■ WHAT IS EXPECTED ■
Your copy should hold only the lines from the one with "Lovely 1-bedroom apartment with free parking" to the one with "3 bedrooms Apartment", both included, each exactly as it stands below, with no pictures.

■ INFORMATION ■

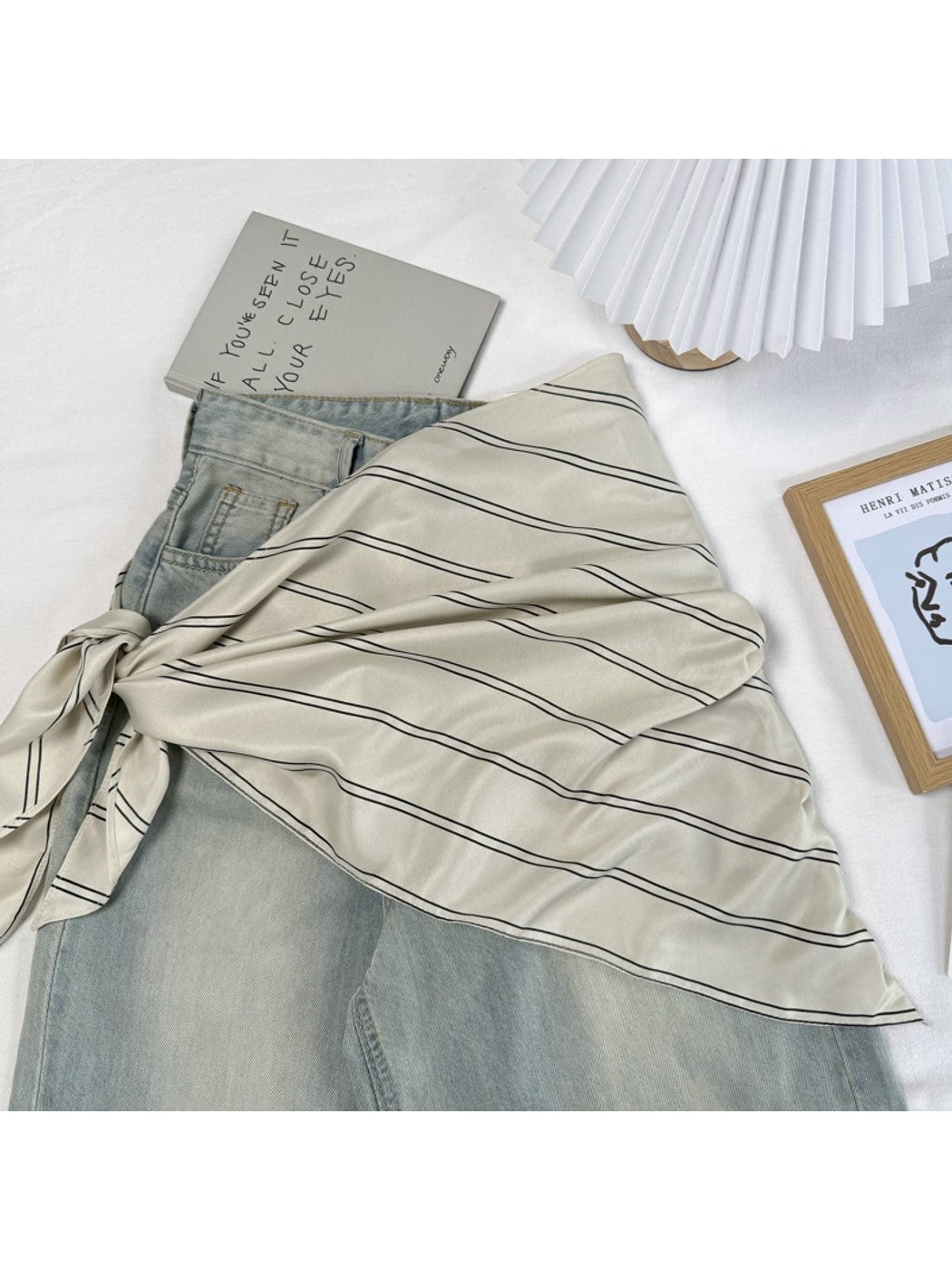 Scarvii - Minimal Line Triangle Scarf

---

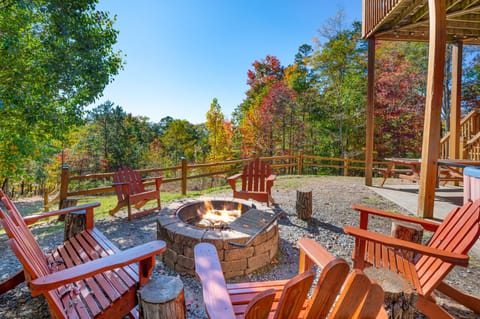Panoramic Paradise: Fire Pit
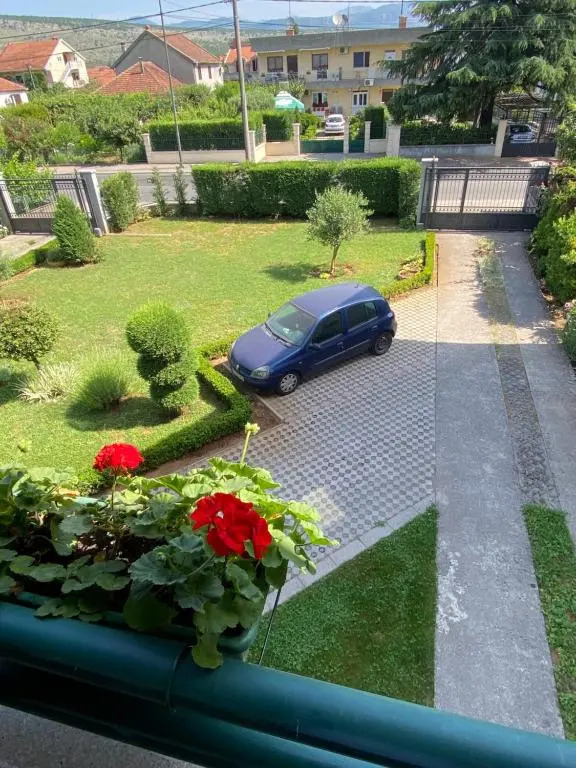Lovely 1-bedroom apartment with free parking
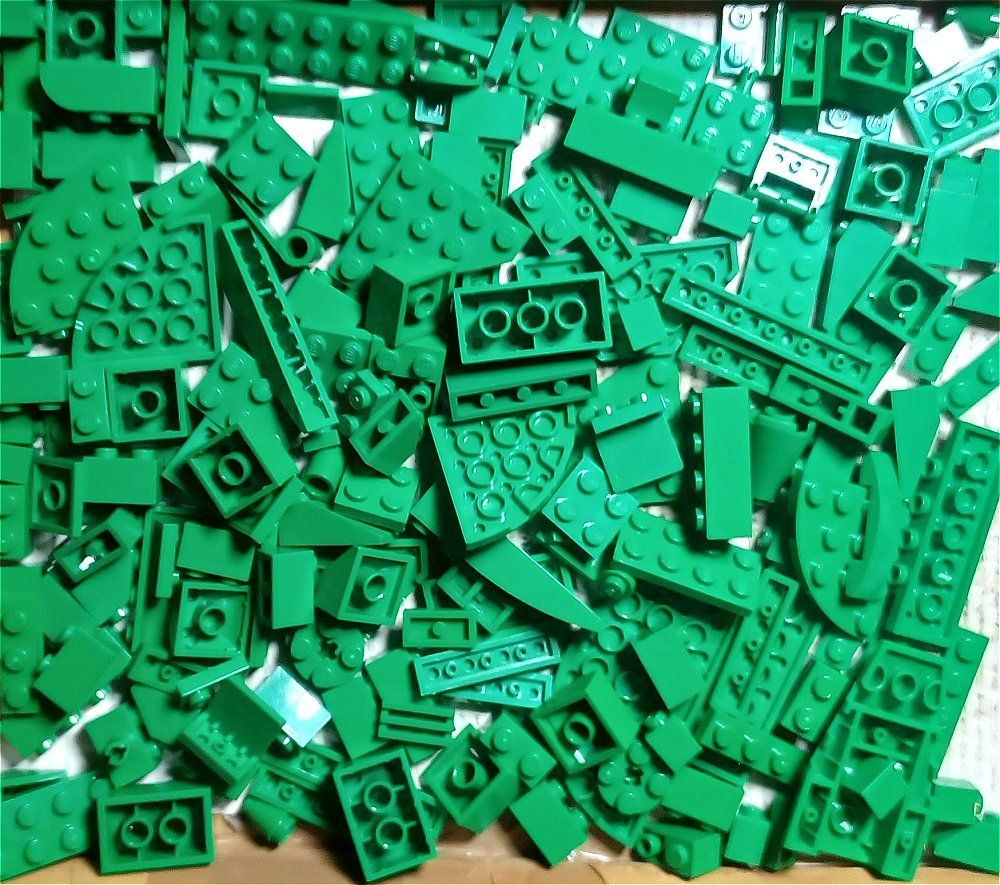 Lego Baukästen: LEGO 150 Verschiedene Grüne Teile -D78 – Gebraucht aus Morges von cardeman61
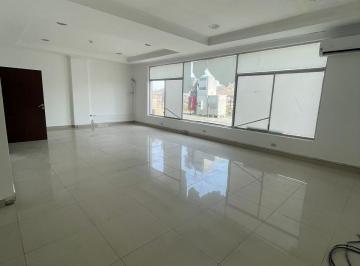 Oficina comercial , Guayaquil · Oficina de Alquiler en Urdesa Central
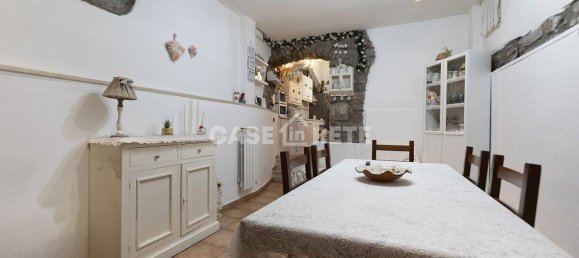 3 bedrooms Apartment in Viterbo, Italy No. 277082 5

■ COMPLETED TASK ■
Lovely 1-bedroom apartment with free parking
 Lego Baukästen: LEGO 150 Verschiedene Grüne Teile -D78 – Gebraucht aus Morges von cardeman61
 Oficina comercial , Guayaquil · Oficina de Alquiler en Urdesa Central
 3 bedrooms Apartment in Viterbo, Italy No. 277082 5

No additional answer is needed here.